**TASK TO CARRY OUT**
The lines from the start of the records below through the line containing "a shower with" are to be copied exactly, both ends included, with nothing added.

**DATA PROVIDED**
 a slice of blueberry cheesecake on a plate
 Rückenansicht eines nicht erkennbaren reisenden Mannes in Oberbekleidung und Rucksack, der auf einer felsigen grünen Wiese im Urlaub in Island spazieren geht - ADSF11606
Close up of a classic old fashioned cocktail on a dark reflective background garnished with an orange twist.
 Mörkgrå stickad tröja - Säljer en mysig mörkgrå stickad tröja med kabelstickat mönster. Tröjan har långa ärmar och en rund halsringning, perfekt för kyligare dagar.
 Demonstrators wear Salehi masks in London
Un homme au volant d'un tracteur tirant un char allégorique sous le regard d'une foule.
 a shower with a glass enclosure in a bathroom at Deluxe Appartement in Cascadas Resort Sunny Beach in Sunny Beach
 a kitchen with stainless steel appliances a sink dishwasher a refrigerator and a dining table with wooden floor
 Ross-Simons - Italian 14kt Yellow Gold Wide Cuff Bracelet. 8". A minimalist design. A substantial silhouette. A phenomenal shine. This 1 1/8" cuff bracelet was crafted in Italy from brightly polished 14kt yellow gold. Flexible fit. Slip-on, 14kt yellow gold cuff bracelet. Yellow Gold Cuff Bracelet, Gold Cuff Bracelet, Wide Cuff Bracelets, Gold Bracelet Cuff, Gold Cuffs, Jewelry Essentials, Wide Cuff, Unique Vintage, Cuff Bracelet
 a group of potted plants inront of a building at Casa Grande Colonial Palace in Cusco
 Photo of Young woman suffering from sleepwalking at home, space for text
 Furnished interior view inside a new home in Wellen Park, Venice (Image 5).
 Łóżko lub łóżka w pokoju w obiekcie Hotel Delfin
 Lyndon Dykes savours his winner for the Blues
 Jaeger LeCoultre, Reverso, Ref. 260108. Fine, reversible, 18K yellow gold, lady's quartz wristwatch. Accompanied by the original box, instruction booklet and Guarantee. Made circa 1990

**SOLUTION BELOW**
 a slice of blueberry cheesecake on a plate
 Rückenansicht eines nicht erkennbaren reisenden Mannes in Oberbekleidung und Rucksack, der auf einer felsigen grünen Wiese im Urlaub in Island spazieren geht - ADSF11606
Close up of a classic old fashioned cocktail on a dark reflective background garnished with an orange twist.
 Mörkgrå stickad tröja - Säljer en mysig mörkgrå stickad tröja med kabelstickat mönster. Tröjan har långa ärmar och en rund halsringning, perfekt för kyligare dagar.
 Demonstrators wear Salehi masks in London
Un homme au volant d'un tracteur tirant un char allégorique sous le regard d'une foule.
 a shower with a glass enclosure in a bathroom at Deluxe Appartement in Cascadas Resort Sunny Beach in Sunny Beach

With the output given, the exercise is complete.